Why is the maximum sum subarray brute force O(n^2)?

The maximum subarray sum is a famous problem in computer science.

There are at least two solutions:

Brute force, find all the possible sub arrays and find the maximum.
Use a variation of Kadane's Algorithm to compute the global max while going through the first pass of the array.

In a video tutorial the author mentions the brute force method is O(n^2), reading another answer one person thinks it O(n^2) and another thinks it's O(n^3).

Is the brute force O(n^2) or O(n^3)? And more importantly can you illustrate what analysis you performed on the brute force method to know it's O(?)?

Solution

Well, it depends on how brute the force is.

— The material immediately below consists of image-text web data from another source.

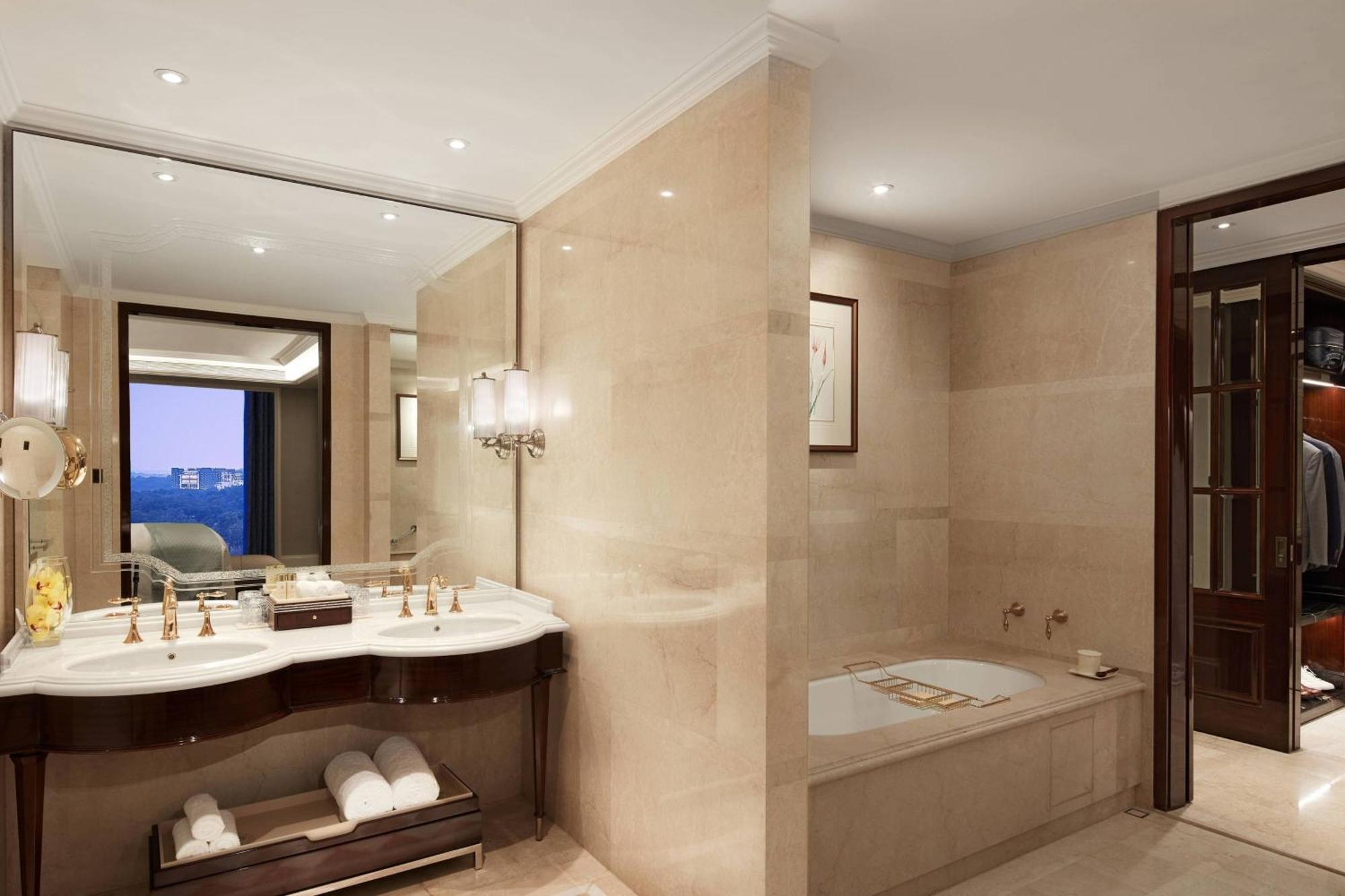 The Ritz-Carlton, Pune Eksteriør bilde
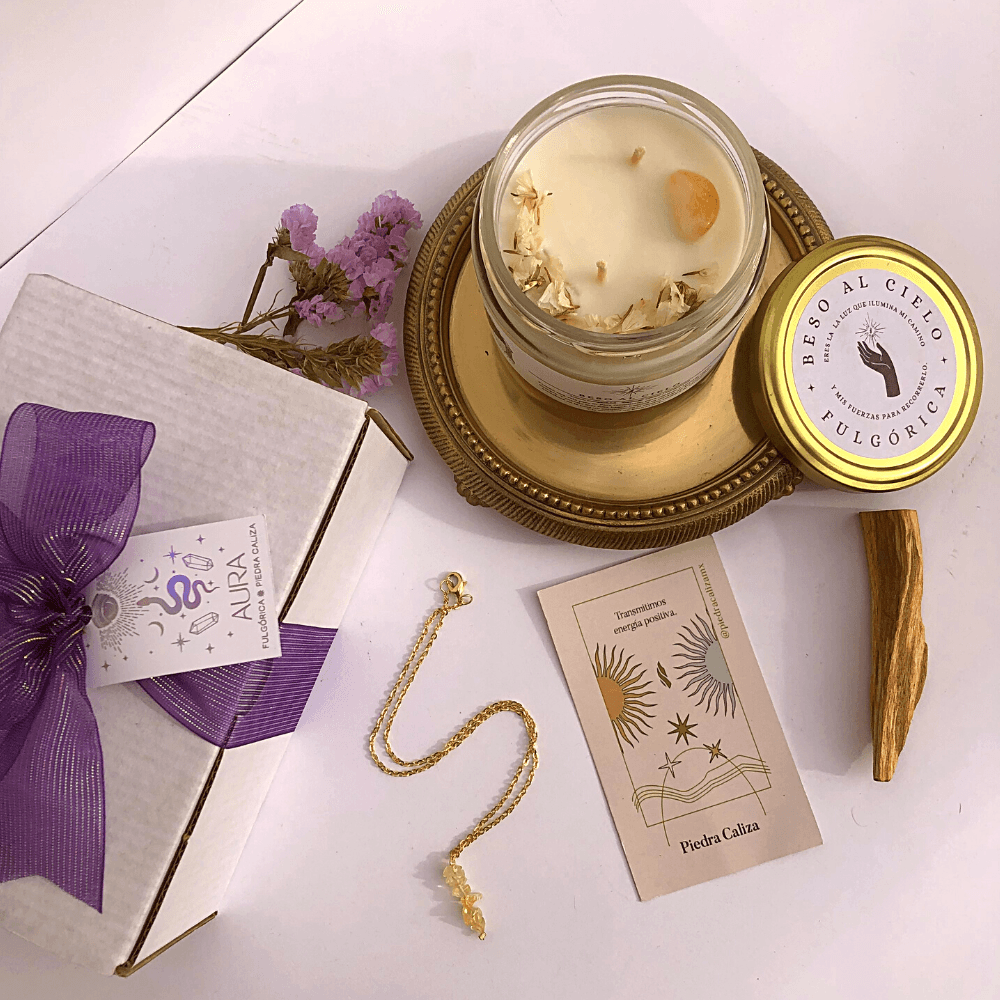 Kit Aura: Vela aromática de cera de soya 240 g + joyería con cuarzos + vara de madera de Palo Santo.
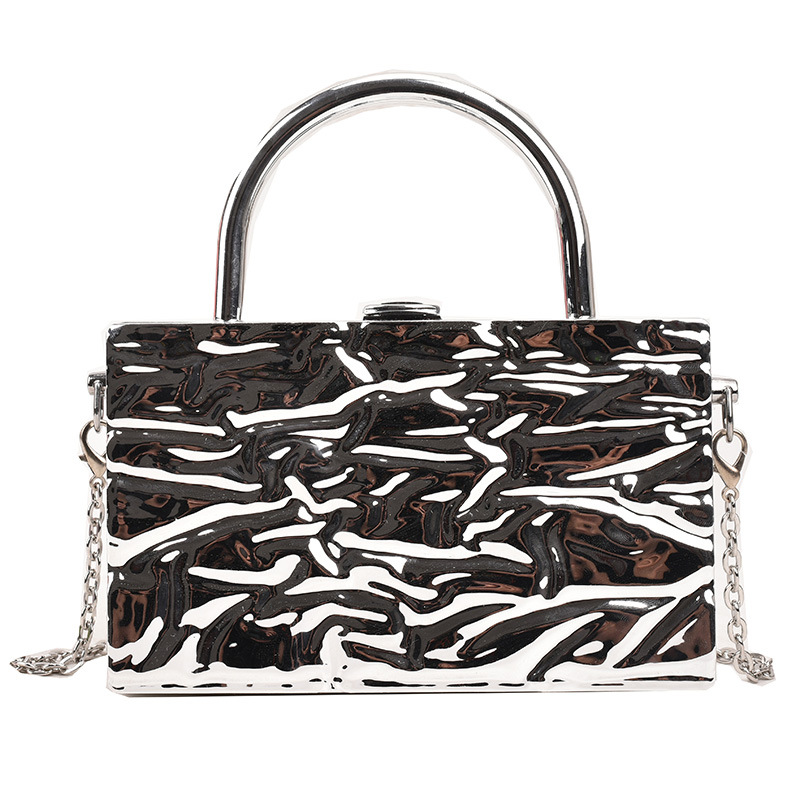New Free Delivery Metal Handle Box Design Women Party Clutch 2022 New Shoulder Chain Purse Handbags Female Sier Tote Crossbody Bag Designer Bag Luxury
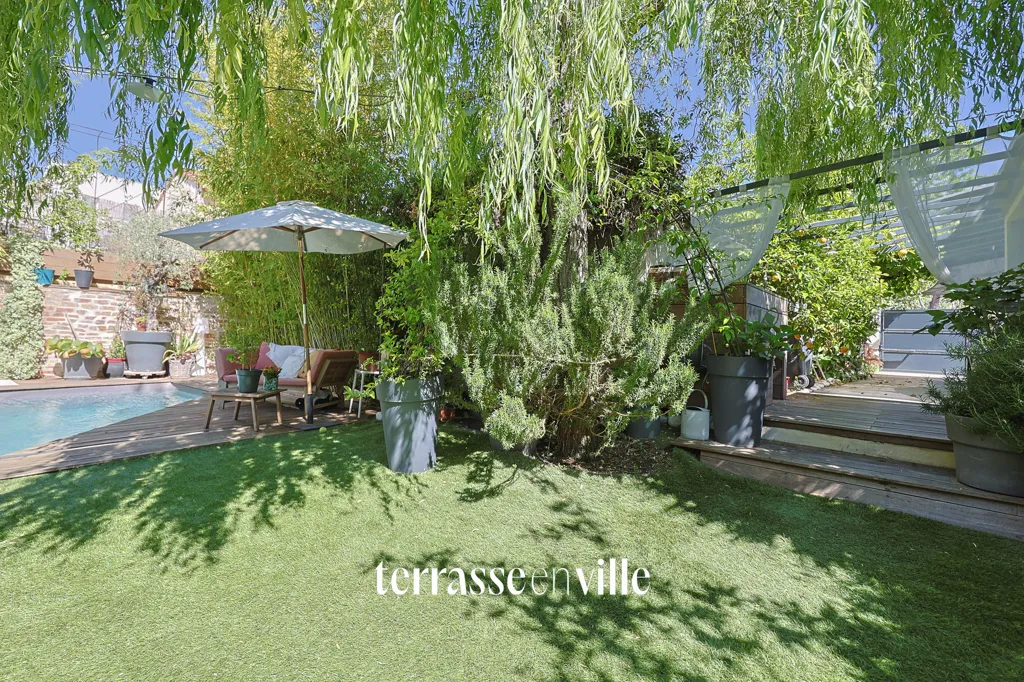Piscine - Maison avec Piscine et Jardin à Bois Luzy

If we generate all (i, j): i <= j pairs and calculate the sum between, it is O(n^3):

....
for (int i = 0; i < n; i++)
    for (int j = i; j < n; j++) {
        int sum = 0;
        for (int k = i; k <= j; k++)
            sum += a[k];
        if (sum > max)
            max = sum;
    }

If we start at all positions and calculate running sums, it is O(n^2):

....
for(int i = 0; i < n; i++) {
    int sum = 0;
    for (int j = i; j < n; j++) {
        sum += a[j];
        if (sum > max)
            max = sum;
    }
}